There's a revolution going on in broadcast entertainment these days. I believe we're seeing a shift from conventional TV, radio, and cable to a form of grassroots user broadcasting via the web. Younger people these days trend towards less TV, and more internet. If you fall asleep, you'll miss it. A lot of my favorite programming I get directly from the web. And they're all freely produced and distributed. Here's a list of some of the good stuff that's available.
Radio is alive and well. Podcasts are similar to recorded radio programs that you can download and listen to. The best and most popular podcast is TWiT - This Week in Tech, hosted by former TechTV personalities Leo Laporte, Patrick Norton and others. Other good ones you can get are Ebert & Roeper Movie Reviews, Leo's own weekend tech radio show on KFI, and several NPR news shows. You can save a bunch of them on your portable mp3 player and listen to them while taking the bus to work, or on long plane flights.
2. Online Tech Shows
Once upon a time, there was this channel called TechTV that was all about computers and technology. Alas, it was too good to be true as the channel was sold and broken up last year. But good things that die eventually come back in another form. Lately there has been a renaissance in tech-oriented shows that you can now download for free over the web. Check out Digital Life TV, NerdTV, among others. These hardworking folks sacrifice their time and energy to produce quality programming for the rest of us who's tired of the lowest common denominator programs they show on cable. I love these guys.
3. Bittorrent Downloads
Technically, these are TV programs that people record as video files and make them downloadable from the web. Missed an episode of The Simpsons? Living in an area where they don't show your favorite show? No problem, with some luck you can download your favorite shows using the revolutionary Bittorrent utility. Bittorrent works by sharing the bandwidth among all the users downloading the file. It is the great equalizer and can help promote a good show that's not widely available. If I'm living in a country where the Canadian-produced Call for Help isn't available, I can still download and watch it through Bittorrent. I can even envision a future where TV programs are distributed through the web, foregoing cable and network TV entirely. Wouldn't that be great? At least until they spoil it with commercials.
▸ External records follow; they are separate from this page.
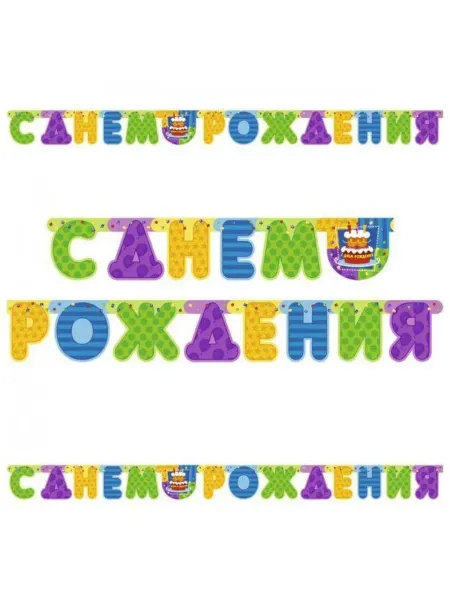 Веселая Затея Гирлянда - буквы Торт Birthday 225см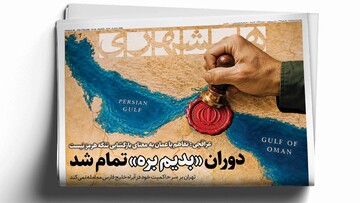 دوران «بدیم بره» تمام شد | پزشکیان: پشتیبانی از نیروهای نظامی را وظیفه خود می‌دانم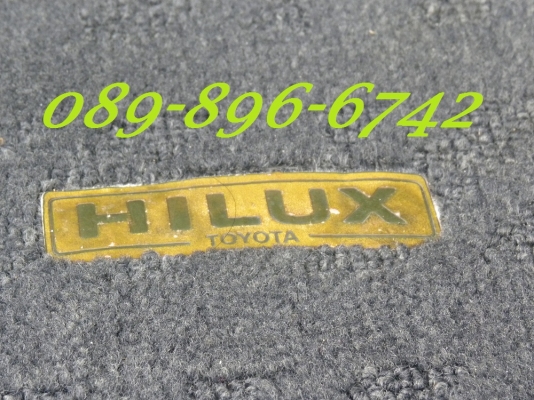 ขายพรมรองเท้า ตรงรุ่น TOYOTA MIGHTY SURF ขายพรมรองเท้า ตรงรุ่น TOYOTA MIGHTY SURF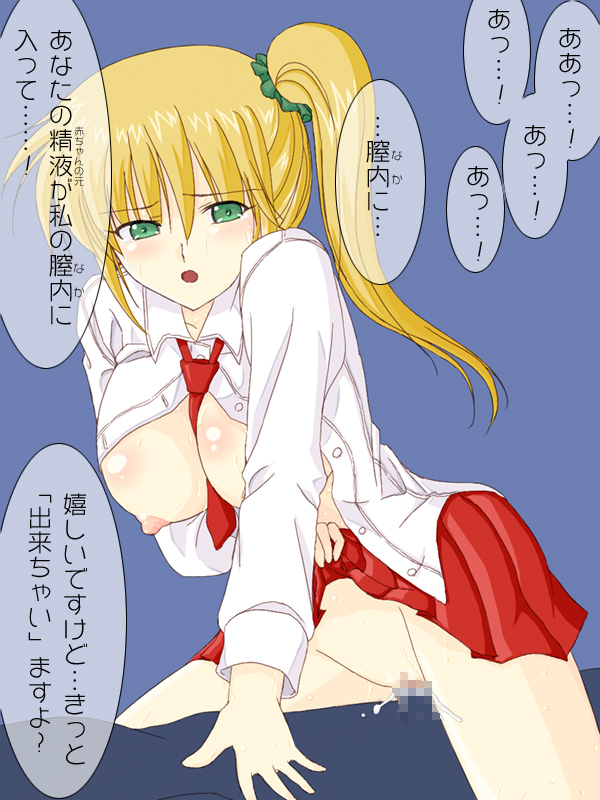 金髪巨乳女子○生に筆下ろしをお願いしてみた。
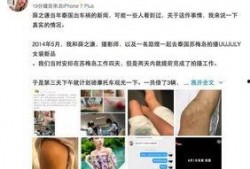 薛子谦回应爆料视频播放,薛子谦正面回应爆料视频播放争议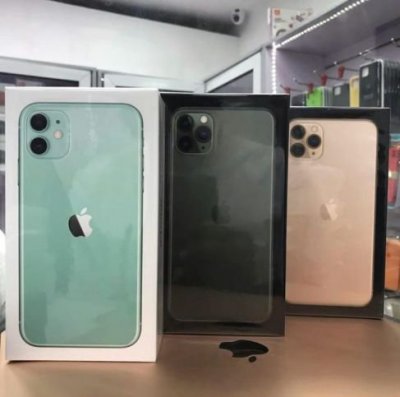 Apple iPhone 11 Pro Max, iPhone 11 Pro €380 EUR Wh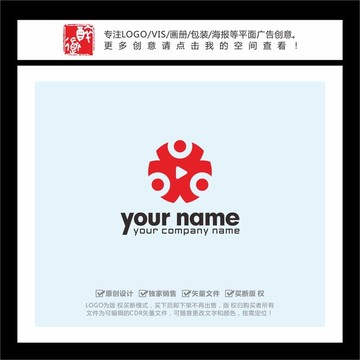 影視文化傳媒LOGO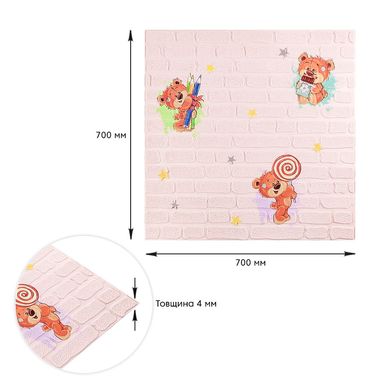 Панель стінова 3D 700*700*4mm ведмедики на рожевому фоні (D) SW-00001974, 4 мм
I find the story of the former TechTV personalities, particularly everyone's pal, Leo Laporte very interesting. This guy is an icon in the industry. He makes complicated tech topics easy to understand. And this guy genuinely loves what he's doing. I'm amazed at his energy level and how he has the time to do so many different projects.
His comeback story is amazing. Despite being one of the most loved TV personalities, his program Call For Help was canceled and he was eventually fired after Comcast acquired TechTV. I'm thinking the reason was because Comcast wanted to focus more on game-oriented shows, and dumb down the programming to have more mass appeal. The result was a whole channel, G4TV focused on the lowest common denominator audience composed of gaming/low attention span teenagers. While all this was going on, Leo had to move the Call For Help show to Canada and record a weekend radio program in LA, in effect being exiled from his regular US audience. The reason I like this story is because it proves you can't put a good man down. Just this past month, G4 bought the rights to show the Canadian version of Call For Help in the US. Apparently, some executives there felt they needed Leo back. Ahhh... sweet vindication. I'm watching Call For Help and it is a breath of fresh air. We now have at least one entertaining and intelligent tech show on cable. And I actually learn something new in every episode. I have no doubt in the future we will eventually see Leo back in a US-produced show. When it happens, the whole tech world will welcome him back.